Style: Zebra prints


It has been a busy summer with family gatherings and a few weddings - one in California, which is why we took that family road trip back in July.

.... I used to be more obsessed with dresses and shoes and clothes. One day, I went to Banana Republic and found a dress marked down for $15.00.

I left the store with that dress and a small Banana Republic paper bag, plus a $15 dollar something receipt. But when I saw myself in front of the store mirror - I remember that little moment as if it was today - I saw something else; a reality. I was there, seeing myself with that black, long, sexy, simple, backless dress.

It was one Autumn day of 2015. Yes, it wasn't yesterday, it was two years ago. That mirror and that dress made me realize that most of the clothes I had in my closet were waiting for something- just like I was.

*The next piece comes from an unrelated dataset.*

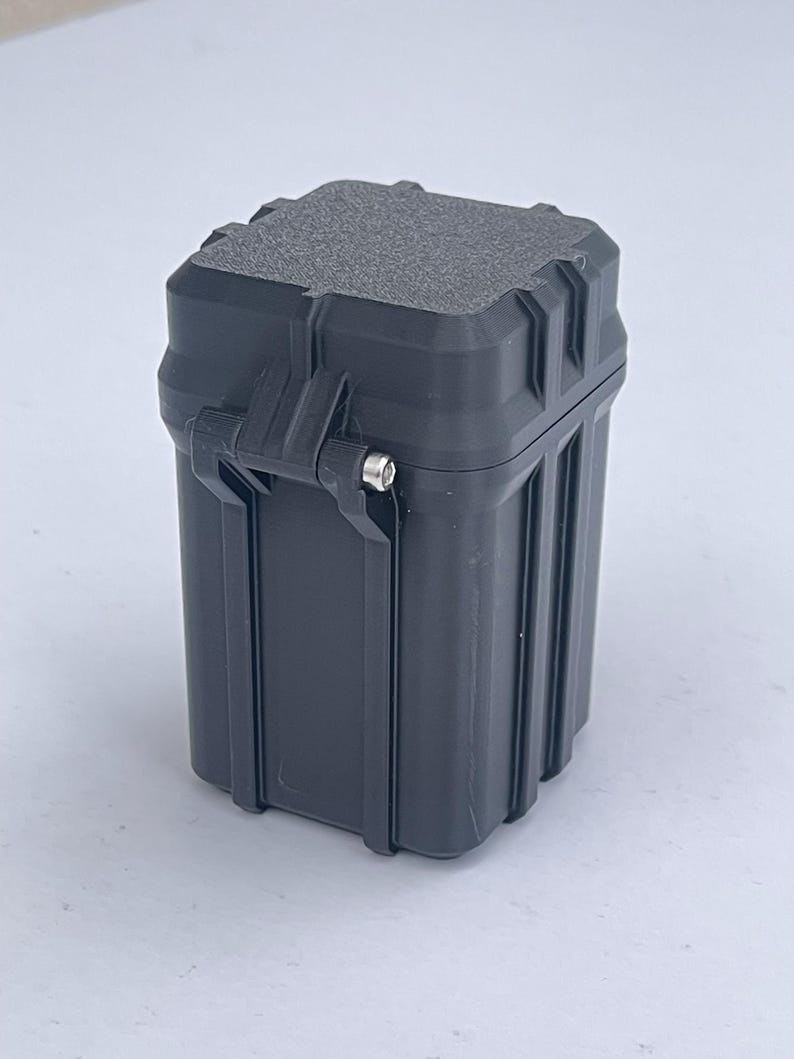 May include: A black, square-shaped, plastic storage container with a textured lid and a latch.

I went home that day, and again, I saved that black dress for a little occasion. Or perhaps something more - not just an occasion. But I promised myself to stop waiting.

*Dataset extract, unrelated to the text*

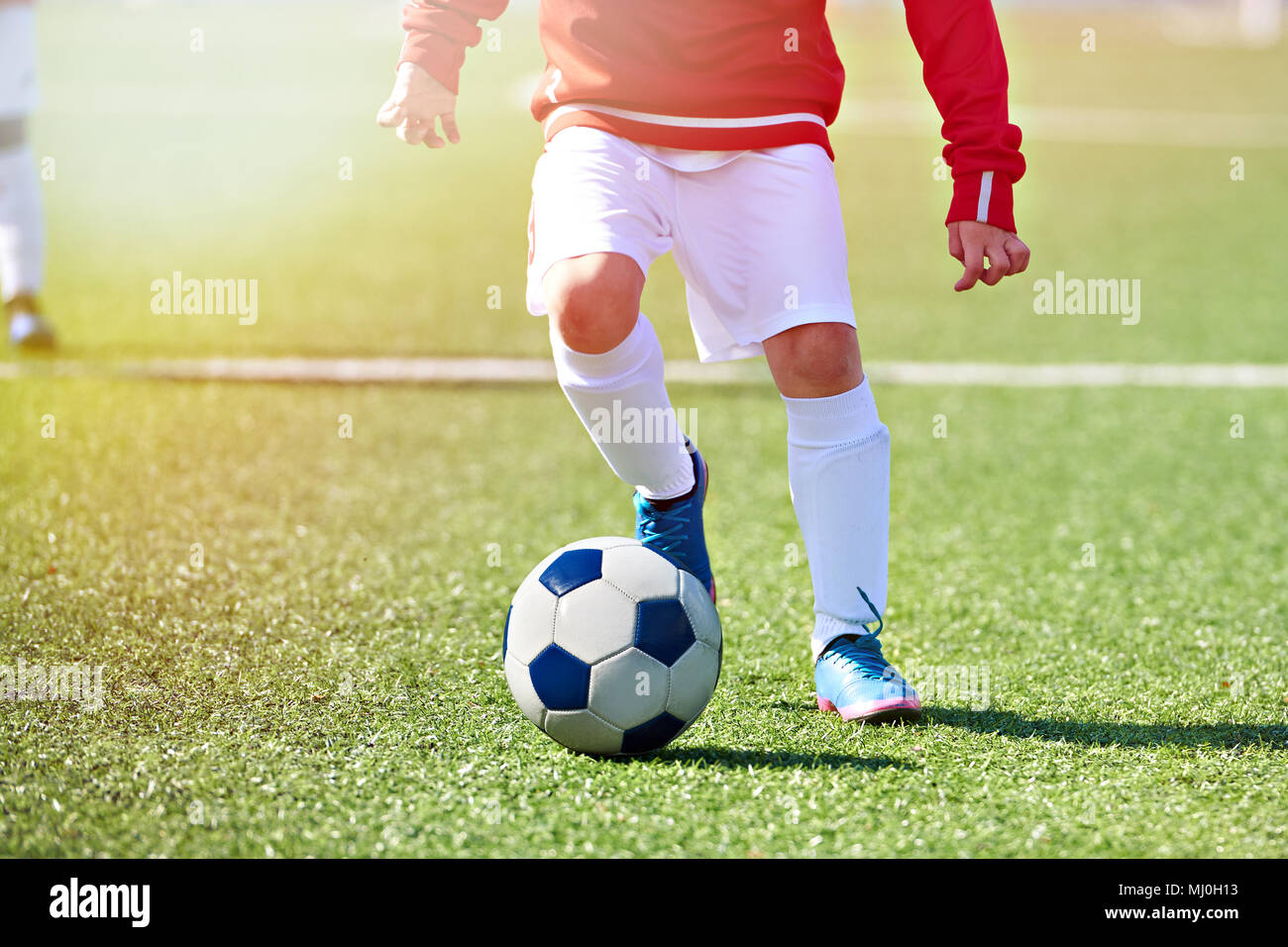 Fuß eines Kindes fußball Spieler und den Ball auf dem Fußballplatz Stockfoto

That dress went next to all the other ones that still had tags.

There was a peach one from Nordstrom Rack. A beige one I once bought in 2012, or 2011? Still in the Macy's bag. Long, elegant.

The white one with a mini skirt underneath.

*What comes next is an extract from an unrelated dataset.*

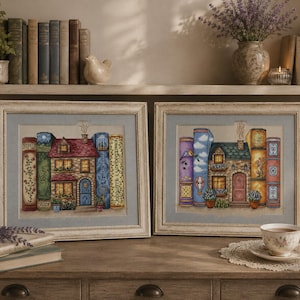 Può includere: Due opere d'arte a punto croce incorniciate raffigurano case immerse tra pile di libri. Le case hanno tetti rossi e facciate dettagliate. I libri sono colorati, con disegni floreali e motivi. Le cornici sono bianco sporco con finitura anticata.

The black one with red polka dots. The lilac one, to my knees, 50's style. Oh, how much I love that style!

There is also the navy one. The black one with flowers.

And the yellow one from 2010 that I no longer have.

There were also the shoes. The shoes for each dress - in their boxes as if they had no life, just hope.

Just as I was doing with my soul, I also did with my closet; a little clean-up. It was time to take a lot out and maybe make others happy.

That day I did what I thought I would never do - give away a lot of my shoes and some dresses.
I called one of my friends and asked her to come pick the ones she wanted. The rest were donated.

My soul felt so much lighter after I went back to my closet. I still had a lot of dresses and shoes waiting to maybe have some stories, one day. But they had to wait. For a long time.

I became more interested in hiking and didn't know if I ever was going to make it back to that part of myself. I was spending more time outdoors and in meditation. At some point I wanted nothing to do with those dresses.

Until I started coming into complete balance, not long ago. But now is more of 'this is who I am' and not necessarily 'I want to look good.'

The first time I took out a pair of jean high heels and I wore them, a part of me re-connected with the other parts - it was amazing.

Perhaps, one day, I will wear that black dress - I don't know. But if I don't, it will be all right. I think I will save it as a reminder of a lot of things. As a reminder of that autumn day in 2015. As a reminder of 2015.

A reminder of so much.

There is a lot of story in a dress, after all. Even if it hasn't been written, or worn.

Maybe a little bit about this one?...

.... there was a wedding at the end of September. And the one dress that finally got its tags removed since 2013 was the zebra one. Along with the shoes that my daughter Lucián kept taking out of the box to play with. Sometimes outside, making mommy a little anxious, only to remind myself that she is a bit like her mom. I suppose they also have a bit of a dirty story already, the shoes.